The Boston Bruins lost to the better team on Monday.

The best Blackhawks players ended up getting the best of the Bruins’ best players, and it’s pretty damned difficult on an empirical level to contest that. It’s what leaves guys like Jonathan Toews, Patrick Kane, Corey Crawford and Bryan Bickell as winners for this season, and Zdeno Chara, Dennis Seidenberg, Tuukka Rask and David Krejci as almost good enough.

“It’s tough to put into words to describe how we’re feeling right now,” said Patrice Bergeron -- who was already playing through broken ribs and torn rib cartilage and then continued to go out there despite suffering a separated shoulder Monday night -- after the Bruins' 3-2 Game 6 loss. “You work so hard just to get to this point and give yourself a chance to get the Cup. You feel like you’re right there, and you have a chance to force Game 7, and definitely it hurts.

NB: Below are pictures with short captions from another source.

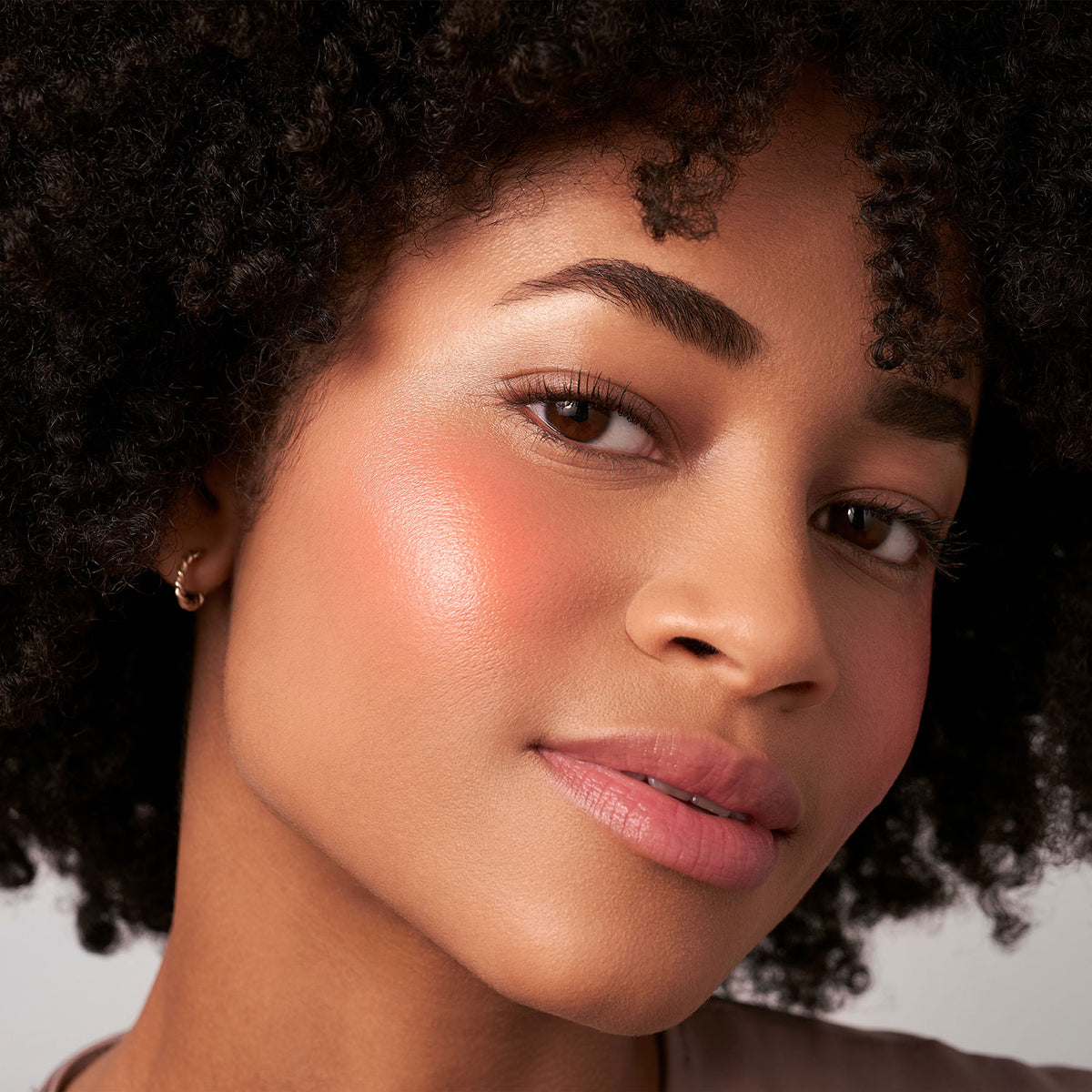 jane iredale - ColorLuxe Liquid Blush - Wild Child - Rouge - jane iredale Mineral Make-up - Care Concept Onlineshop - Vertrieb für Premium Wirkstoffkosmetik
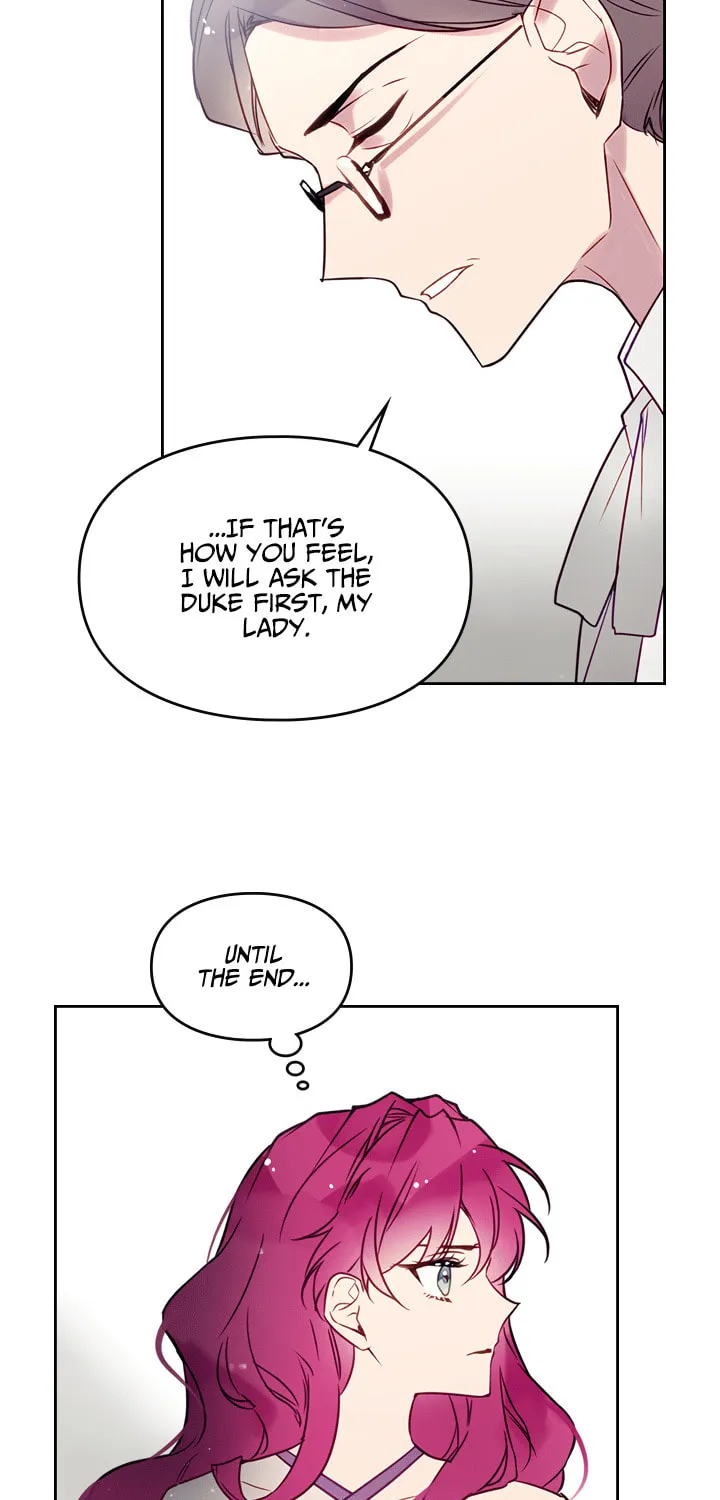 Villains Are Destined to Die Chapter 9 page 37 - 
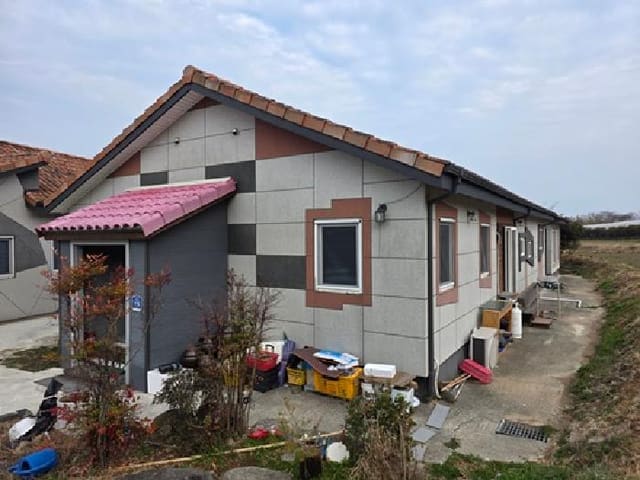 B000421202601300000601.jpg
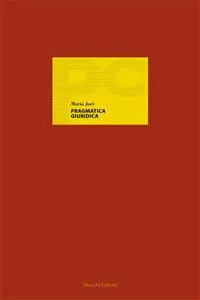 Pragmatica giuridica_cover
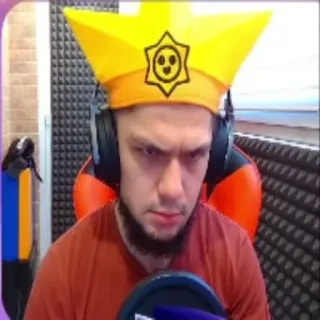 🌟 bbd274c0 whatsapp sticker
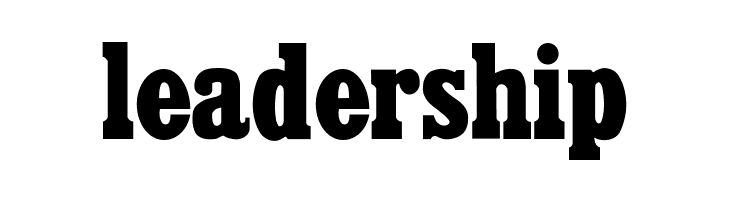 Cairo  Free Fonts Download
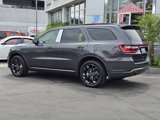 New 2026 Dodge Durango GT image 5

“It doesn't work in your way. Have to give credit to Chicago. They played a great series. But at the same time, it's the last thing you want to say. It hurts to see them hoisting the Cup [in Boston].”

But even though the Blackhawks deserved to win, it was a tough way for the Black and Gold’s season to end. Of major concern was the look of rattled nerves and lost cool for the Bruins in the final minute-and-a-half of the game. A seasoned veteran group of B’s players let the moment become too big on them.

Boston got off to a solid start for the first time in the series and held a 1-0 lead after the first 20 minutes. They threw 32 shot attempts on net, compared to 8 for Chicago and would have been up 2-0 had David Krejci finished off a nice shake-and-bake move by Brad Marchand. But Krejci, open in front, missed on the chance.

Sure, the Bruins allowed a soft Jonathan Toews goal in the second period after a borderline hand pass call brought the faceoff outside the offensive circle, and it was equal parts Tuukka Rask and Zdeno Chara fumbling things away on the play. Chara made an unfortunate decision to pinch when he couldn’t keep the puck pinned against the boards, and then got beaten badly to the net by the speeding Toews. The fact it was a five-hole goal wasn’t exactly a shining moment for Rask, who wasn’t quite brilliant in the decisive Game 6 loss.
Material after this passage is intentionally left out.